'''

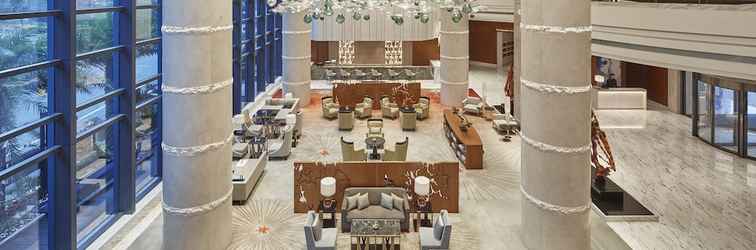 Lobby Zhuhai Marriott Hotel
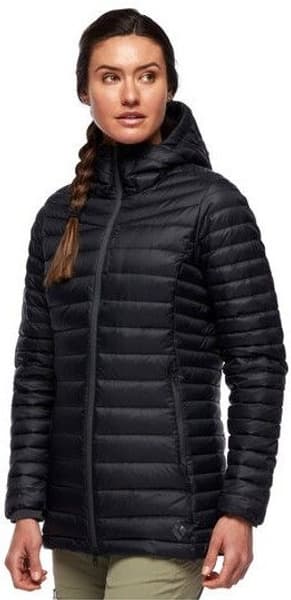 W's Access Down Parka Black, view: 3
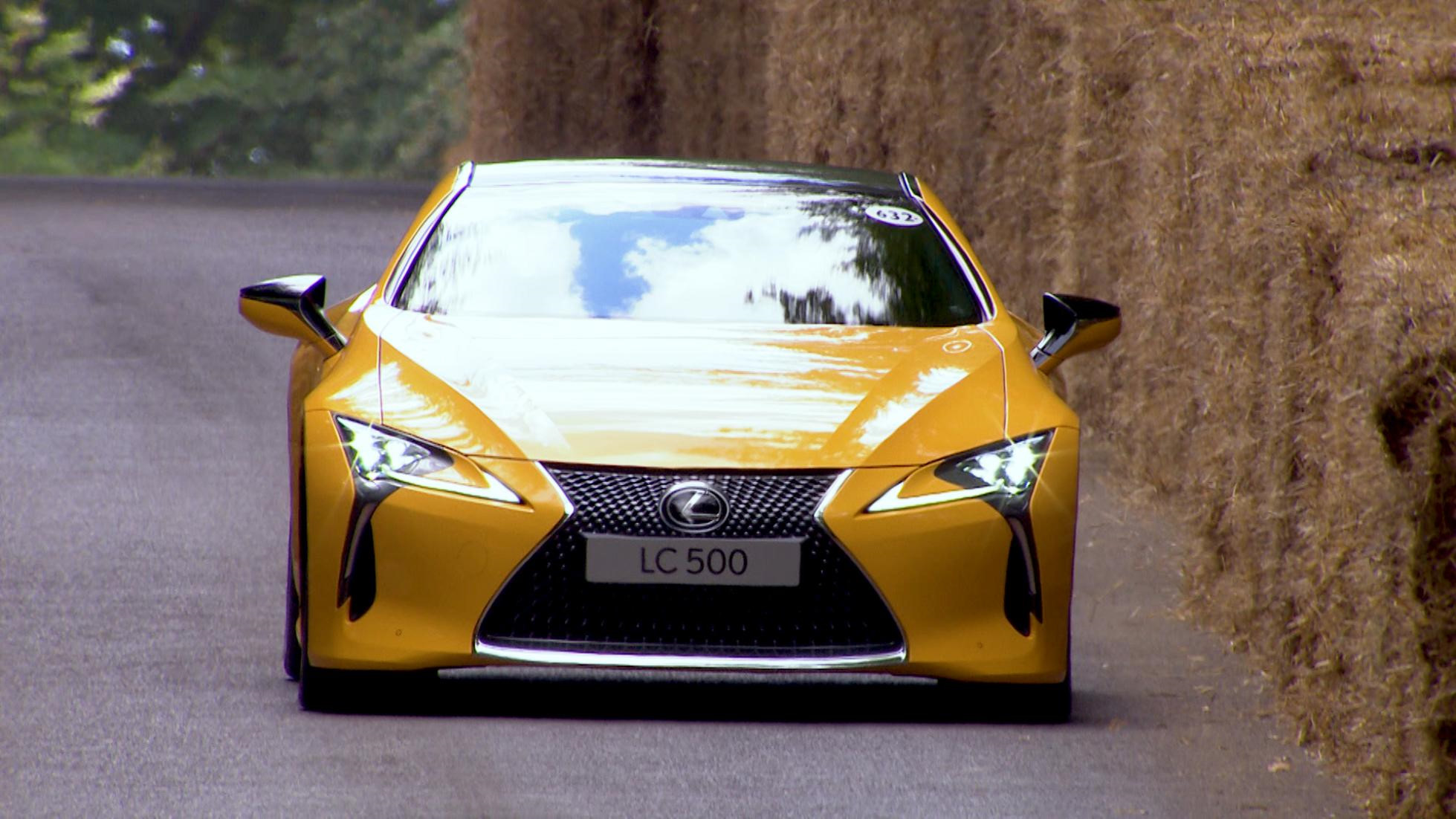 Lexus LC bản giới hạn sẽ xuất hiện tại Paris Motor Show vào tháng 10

'''
'''

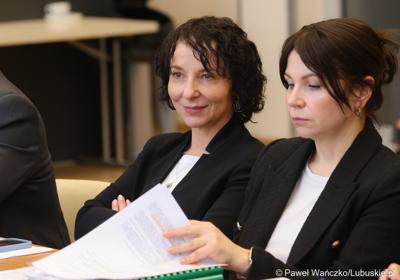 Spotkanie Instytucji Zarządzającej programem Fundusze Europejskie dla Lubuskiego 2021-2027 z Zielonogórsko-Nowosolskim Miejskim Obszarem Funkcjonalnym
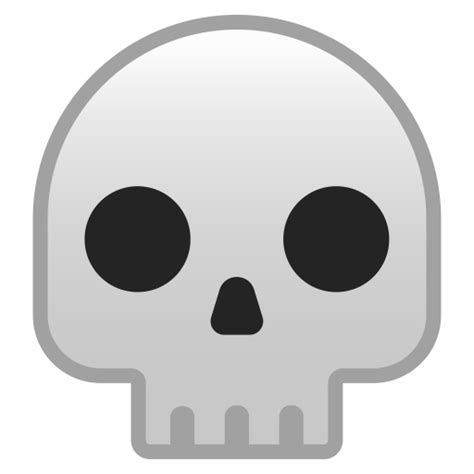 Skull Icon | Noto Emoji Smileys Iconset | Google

'''

### Assigned task
Above are the records. Copy word for word only their lines from the one holding "Spotkanie Instytucji Zarządzającej" through the one holding "Iconset | Google", both included, and skip the images.

### Result of this exercise
 Spotkanie Instytucji Zarządzającej programem Fundusze Europejskie dla Lubuskiego 2021-2027 z Zielonogórsko-Nowosolskim Miejskim Obszarem Funkcjonalnym
 Skull Icon | Noto Emoji Smileys Iconset | Google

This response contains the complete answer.